About the Henry Royce Institute
The Henry Royce Institute is the UK national institute for advanced materials research. Operating with its Hub at The University of Manchester, the Institute is a Partnership of nine leading institutions – the universities of Cambridge, Imperial College London, Liverpool, Leeds, Oxford, Sheffield, the National Nuclear Laboratory, and UKAEA. In 2020, Cranfield University joined as an Associate Partner. Royce aims to support and grow world-recognised excellence in UK materials research, accelerating commercial exploitation and delivering positive economic and societal impact for the UK. The Institute is funded by the Engineering and Physical Sciences Research Council, part of UK Research and Innovation.
About the Royce Hub Building
The design of the nine story Royce Hub Building was driven by a vision to engage scientists, industry and the public by showcasing the Institute’s work and providing a flexible environment for world-class research.

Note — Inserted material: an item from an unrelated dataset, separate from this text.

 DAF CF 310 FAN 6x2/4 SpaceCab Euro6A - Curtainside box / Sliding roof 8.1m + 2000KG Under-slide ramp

Featuring a geometric façade, the 16,000m2 Hub Building features a variety of spaces including high specification laboratories, heavy duty testing areas, offices and contemporary industry collaboration spaces.
The 10-metre-high ground floor entrance is overlooked by a mezzanine and offers views into the material testing spaces. Terraced floors provide visitors with glimpses into workspaces as they climb the distinctive staircase through a stepped, three-storey atrium. These atria house local collaboration hubs with lounge seating and views out across The University of Manchester’s campus and city beyond.
The Royce Hub Building, under the Project and Cost Management of Arcadis (who contracted as Project Managers and Full Design Team), was designed by NBBJ, an international architectural practice, alongside civil and structural engineers Ramboll and building services engineers Arup. Ramboll also provided client-side Mechanical, Electrical and Public Health support for the final stages of the main build, as well as the complex fit-out of the laboratories. Equipment hook up and some laboratory and office fit-out was undertaken by Balfour Beatty Kilpatrick. The building was delivered by Laing O’Rourke, the appointed University of Manchester contractor.